Is Under Armour still under pressure? Yes, but there are signs of improvement. Although injured North America ops are still limping along, total Q4 revenues rose, beating estimates, mostly on strong international sales. And that pleased analysts/investors with its share price closing up over 17% yesterday.

But there’s still a long way to go, and that’s why the US athletic sportswear giant also said on Tuesday it would further restructure its business, closing stores and terminating leases, resulting in a pre-tax charge of $110m-$130m this year.

But yesterday’s results also suggest some of the in-place turnaround efforts are working, as overall sales for the final quarter rose 4.6% to $1.37bn, beating analysts’ $1.31bn call. Direct-to-consumer sales also jumped 11%. Wholesale revenues declined 1% to $733m.

Apparel sales rose 2.5% to $951.7m, as growth in men’s training and global football (soccer) was tempered by declines in the team sports and outdoor categories.

Footwear revenues grew 9% to $246m, driven by strength in running, offset by team sports and basketball. Accessories grew 6.1% to $111m, led by men’s training and running.
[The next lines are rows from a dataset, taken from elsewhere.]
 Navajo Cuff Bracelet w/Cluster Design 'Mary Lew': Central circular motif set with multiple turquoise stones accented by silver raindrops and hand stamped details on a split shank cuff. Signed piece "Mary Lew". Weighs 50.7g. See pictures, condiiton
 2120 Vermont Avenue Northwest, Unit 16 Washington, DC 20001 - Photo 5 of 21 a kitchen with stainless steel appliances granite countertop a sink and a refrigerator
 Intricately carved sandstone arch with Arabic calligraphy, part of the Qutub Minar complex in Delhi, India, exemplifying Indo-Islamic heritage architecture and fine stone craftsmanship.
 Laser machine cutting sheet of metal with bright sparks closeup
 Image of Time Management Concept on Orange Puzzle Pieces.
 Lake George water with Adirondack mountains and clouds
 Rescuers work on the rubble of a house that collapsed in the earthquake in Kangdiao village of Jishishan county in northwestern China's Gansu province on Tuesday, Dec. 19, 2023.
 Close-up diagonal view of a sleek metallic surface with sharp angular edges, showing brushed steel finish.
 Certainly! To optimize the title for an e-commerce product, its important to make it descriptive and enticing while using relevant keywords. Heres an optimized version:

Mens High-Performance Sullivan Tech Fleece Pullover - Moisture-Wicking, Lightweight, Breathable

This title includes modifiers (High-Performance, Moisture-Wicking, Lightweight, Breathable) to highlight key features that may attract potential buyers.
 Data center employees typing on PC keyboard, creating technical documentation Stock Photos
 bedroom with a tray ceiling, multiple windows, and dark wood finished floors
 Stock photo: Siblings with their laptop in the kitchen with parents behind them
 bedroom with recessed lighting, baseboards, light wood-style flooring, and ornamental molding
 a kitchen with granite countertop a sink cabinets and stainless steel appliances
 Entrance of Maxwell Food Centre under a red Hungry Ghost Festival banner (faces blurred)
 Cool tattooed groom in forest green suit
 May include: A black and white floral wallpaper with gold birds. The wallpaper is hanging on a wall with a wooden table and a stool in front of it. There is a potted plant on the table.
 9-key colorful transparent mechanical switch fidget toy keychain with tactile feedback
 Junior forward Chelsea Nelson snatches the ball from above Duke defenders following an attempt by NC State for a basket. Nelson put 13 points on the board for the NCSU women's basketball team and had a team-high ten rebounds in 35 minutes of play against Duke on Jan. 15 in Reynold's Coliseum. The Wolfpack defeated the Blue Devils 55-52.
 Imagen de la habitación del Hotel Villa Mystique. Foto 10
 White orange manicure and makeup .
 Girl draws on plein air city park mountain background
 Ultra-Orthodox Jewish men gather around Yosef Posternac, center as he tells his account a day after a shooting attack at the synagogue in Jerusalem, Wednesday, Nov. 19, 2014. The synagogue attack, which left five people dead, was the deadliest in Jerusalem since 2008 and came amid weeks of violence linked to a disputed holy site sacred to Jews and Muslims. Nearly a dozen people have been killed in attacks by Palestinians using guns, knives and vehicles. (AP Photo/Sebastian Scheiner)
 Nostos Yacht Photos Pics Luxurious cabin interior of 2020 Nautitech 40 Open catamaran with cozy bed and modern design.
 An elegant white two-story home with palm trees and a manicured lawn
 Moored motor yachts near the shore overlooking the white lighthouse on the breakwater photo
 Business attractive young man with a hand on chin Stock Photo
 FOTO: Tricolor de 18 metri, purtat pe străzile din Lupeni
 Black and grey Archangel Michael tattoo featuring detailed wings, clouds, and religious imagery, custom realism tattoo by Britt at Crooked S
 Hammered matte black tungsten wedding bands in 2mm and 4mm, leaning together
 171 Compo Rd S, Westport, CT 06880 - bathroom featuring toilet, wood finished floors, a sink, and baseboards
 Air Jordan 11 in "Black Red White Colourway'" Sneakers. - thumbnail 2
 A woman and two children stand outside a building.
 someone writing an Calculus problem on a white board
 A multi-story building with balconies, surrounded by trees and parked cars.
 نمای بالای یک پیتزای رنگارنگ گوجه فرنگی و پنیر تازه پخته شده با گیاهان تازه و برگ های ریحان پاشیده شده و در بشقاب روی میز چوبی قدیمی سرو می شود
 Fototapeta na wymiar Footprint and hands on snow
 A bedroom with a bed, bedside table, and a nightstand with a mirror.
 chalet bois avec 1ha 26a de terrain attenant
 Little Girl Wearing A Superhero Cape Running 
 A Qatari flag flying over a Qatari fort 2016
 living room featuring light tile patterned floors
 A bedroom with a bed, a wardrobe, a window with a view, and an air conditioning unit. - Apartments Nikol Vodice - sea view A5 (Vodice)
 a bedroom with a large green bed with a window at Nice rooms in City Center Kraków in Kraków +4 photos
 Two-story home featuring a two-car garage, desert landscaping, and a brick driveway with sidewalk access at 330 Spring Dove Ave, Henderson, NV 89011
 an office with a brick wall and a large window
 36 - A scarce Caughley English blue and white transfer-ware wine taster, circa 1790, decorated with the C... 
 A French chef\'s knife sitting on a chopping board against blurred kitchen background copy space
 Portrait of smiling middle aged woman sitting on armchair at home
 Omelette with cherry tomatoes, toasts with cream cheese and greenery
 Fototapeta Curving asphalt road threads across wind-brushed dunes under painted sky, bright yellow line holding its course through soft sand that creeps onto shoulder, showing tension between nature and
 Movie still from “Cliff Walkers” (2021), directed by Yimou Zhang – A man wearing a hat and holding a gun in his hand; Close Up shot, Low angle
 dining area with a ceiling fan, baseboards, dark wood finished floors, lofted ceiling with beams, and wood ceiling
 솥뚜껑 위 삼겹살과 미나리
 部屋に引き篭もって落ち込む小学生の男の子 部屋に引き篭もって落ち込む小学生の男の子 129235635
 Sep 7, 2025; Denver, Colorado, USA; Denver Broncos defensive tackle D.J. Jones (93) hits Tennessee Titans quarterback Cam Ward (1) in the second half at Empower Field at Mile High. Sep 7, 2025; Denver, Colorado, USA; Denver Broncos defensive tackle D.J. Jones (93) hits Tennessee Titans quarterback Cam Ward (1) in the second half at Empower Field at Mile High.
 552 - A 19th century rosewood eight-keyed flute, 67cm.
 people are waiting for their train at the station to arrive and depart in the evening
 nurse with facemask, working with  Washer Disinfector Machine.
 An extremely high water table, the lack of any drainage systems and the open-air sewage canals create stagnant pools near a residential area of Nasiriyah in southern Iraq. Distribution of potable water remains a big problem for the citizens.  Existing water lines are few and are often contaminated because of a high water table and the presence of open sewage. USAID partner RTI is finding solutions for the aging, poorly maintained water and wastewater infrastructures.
International revenue saw strong growth, with double-digit percentage rises in Asia-Pacific, Latin America and Europe, the Middle East and Africa.

But sales in North America continued to decline, down 4.5% to $1.02bn, as bigger rivals Nike and a bullish adidas continued to gain market share.

The company also reported a loss of $87.9m/20 cents in the quarter ended December 31, compared with a profit of $103.2m/23 cents a year ago, largely due to restructuring charges and a one-time tax expense.

Excluding items, the company met analysts’ expectations that it would break even for the quarter.

Gross margin declined 150 basis points to 43.2% as benefits from changes in foreign currency rates and product costs were more than offset by pricing and other inventory management initiatives, and channel mix.

But not much of an upbeat message from the usually positive CEO Kevin Plank. “After years of rapid growth and building a globally recognised brand, the dynamic landscape of 2017 was a catalyst for us to begin strategically transforming Under Armour into an operationally excellent company,” he said.

“A year into this journey, our fourth quarter and full year results demonstrate that the tough decisions we’re making are generating the stability necessary to create a more consistent and predictable path,” he added.

So for 2018, expect net revenue to grow in the low-single-digit percentage range, taking into account a mid-single-digit decline in North America sales.

Also expect gross margins to rise about half a percentage point to 45.5% as it cuts promotional activity and product costs.